Great Big Tea’s Sonoma Cabernet is a white tea, the least processed type of tea, made from the youngest leaves. It is recommended to seep at 190 F for 3-5 minutes, but I used the white tea setting on my electric kettle, which is 180. To make up for the slightly lower seep temperature, I brewed for the full 5 minutes.
White tea seeps much lighter in color, and this one is quite floral, due to the inclusion of jasmine flowers and rose petals. Like the rose black tea I tried yesterday, this tea can be seeped twice.
With the low caffeine content, this white tea would be ideal for a lunch or evening tea. With the mild flavor, it should be paired with more delicate flavors that won’t overpower the tea. The floral components of this tea make that slightly less likely, but just like wine, it’s best to use a stronger tea with more hearty foods.
While I usually avoid black tea due to the higher caffeine content (and my Crohn’s), I decided to jump in and try the Rose tea this morning. Great Big Tea’s version contains rose petals and rose hips along with blackberry leaves.
As a black tea, it is recommended to brew with boiling water (212 F) for about 3 minutes. This particular tea can be seeped twice for a second cup of tea, if so desired. Longer brew times would both increase the caffeine as well as the bitterness from tannins, but less so on a second seeping.
As to be expected, the tea has a pleasant rose aroma. The flavors carry over into the brewed the tea, and I had the first half of my cup without any sweetener. Out of curiosity, I added some of our local honey to the second half of the cup. While the honey has quite a strong flavor on its own, the flavors of the rose and the black tea stand their own, retaining the flavor.
Rose is a personal taste, like many types of tea. For me, it reminds me of rose pastilles, a French candy that a friend of mine introduced to us in middle school, years ago.

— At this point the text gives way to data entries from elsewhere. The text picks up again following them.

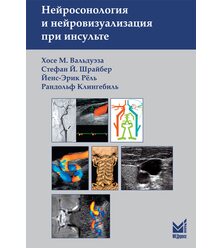 Нейросонология и нейровизуализация при инсульте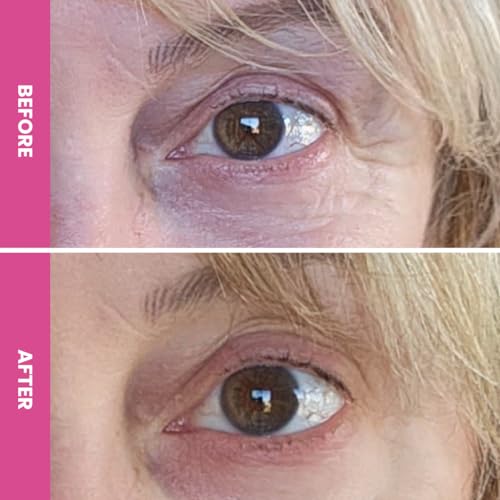 PRIME PROMETICS PrimeEyes Hydrate Under Eye Cream for Mature Women ? Hydrating Eye Cream for Dark Circles and Wrinkle Repair ? Soft, Glowing & Healthy Under Eyes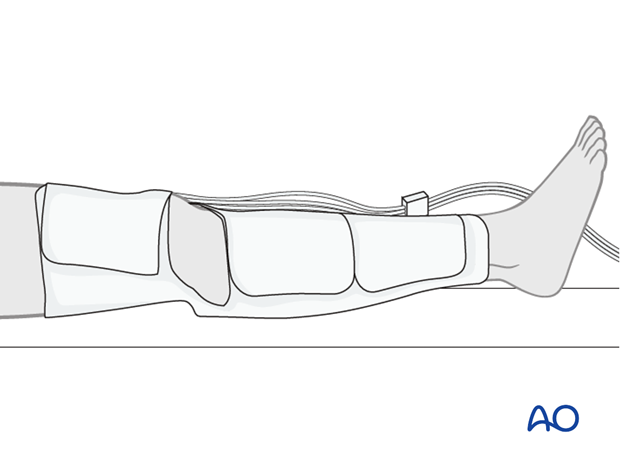 Pneumatic compression device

I think it’s always worth trying new types of teas (baring any allergies), particularly as our tastes continually change.
This afternoon, I needed a small shot of caffeine. As a predominantly green tea drinker, I didn’t want to jump right into a black tea after lunch. With my husband requesting that I wait to try the Oolong, green tea was the best choice. And so, today’s tea is the Kyoto Cherry Rose (or so I thought).

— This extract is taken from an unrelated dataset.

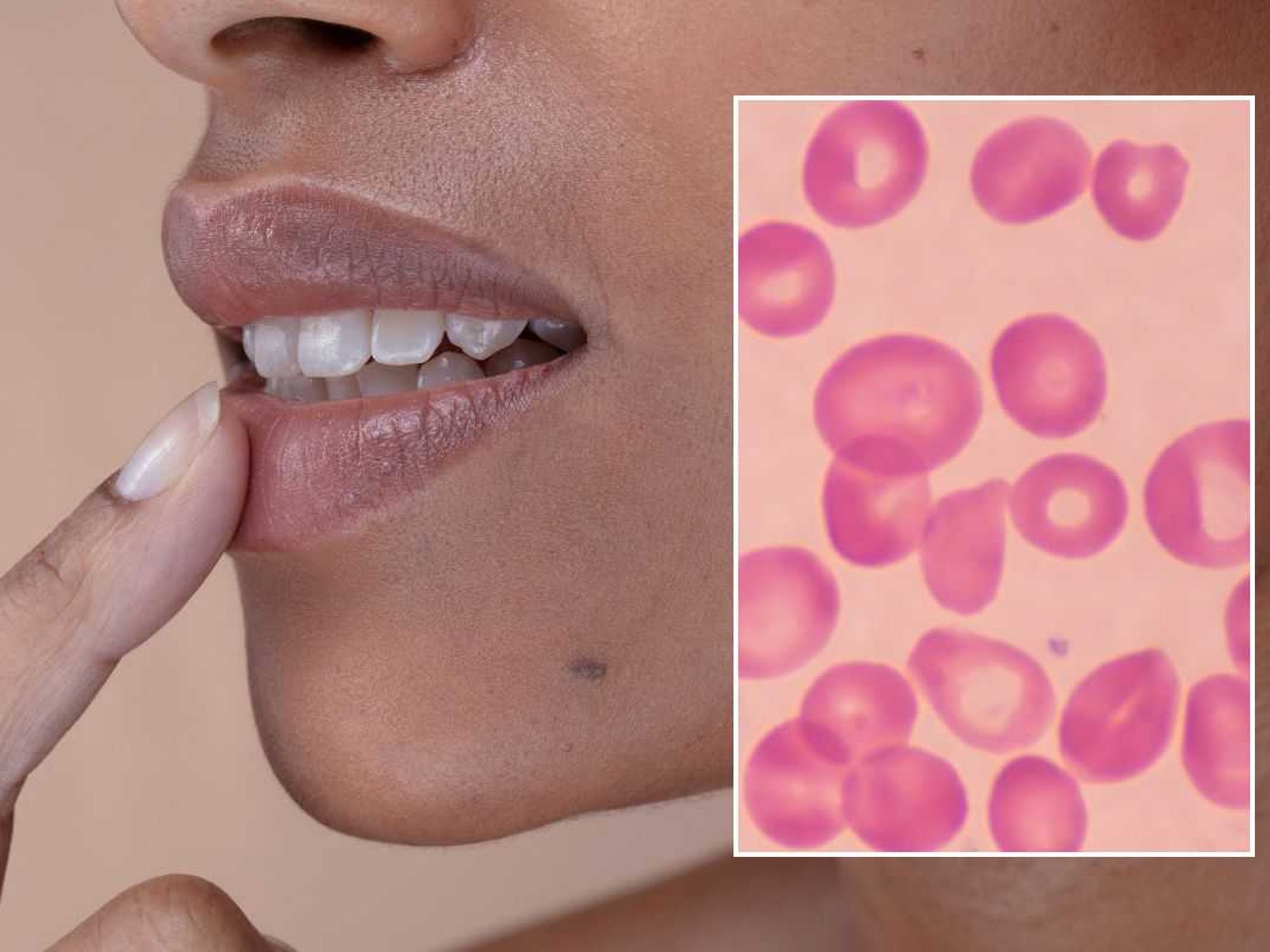 BLOOD CELLS UNDER MICROSCOPE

While I certainly have been known to pour boiled water into my ceramic to-go mug with a bag of Tazo Zen, letting it seep until I drink below the level of the bag, I wanted to be sure to get the optimal taste while trying this tea. My variable kettle has both a “green” and “delicate” setting which it recommends for certain types of green teas.
Both harvest time and quality of tea determine the best brewing temperature for green teas, ranging from 160-180 degrees Fahrenheit. Generally, mixed green teas and those with a bit darker leaves can be brewed warmer. I went with the 165 setting (check out this article for getting the right temperature without a specialized kettle).
Brew time should be around 1-3 minutes, and I estimate that I ended up brewing somewhere around 3 minutes today.
I’m having trouble coming up with an adjective to describe this tea besides “yummy.” (It turns out, it was because I had the wrong tea! My stubborn brain tried to convince me that this was a green tea with heavy cherry flavoring, when it turns out it was licorice! And I’m usually not fond of licorice!) I’m not getting any bitter tannins and it turned out to be a perfect fit for the afternoon. It’s very drinkable and doesn’t require any sweetening. I must admit to being skeptical initially since my sizable tea collection tends to center around mixtures of mint and green tea.
This tea turned out to be a very nice follow up to the double scoop of ice cream that I polished off after lunch. And while a nap wouldn’t be terribly inconvenient on a Sunday afternoon, I think I’m awake enough now to enjoy reading a book on the porch instead. Happy brewing!
Editor’s note: due to a mix up the real Kyoto Cherry Rose is reviewed on this later post. My deepest apologies!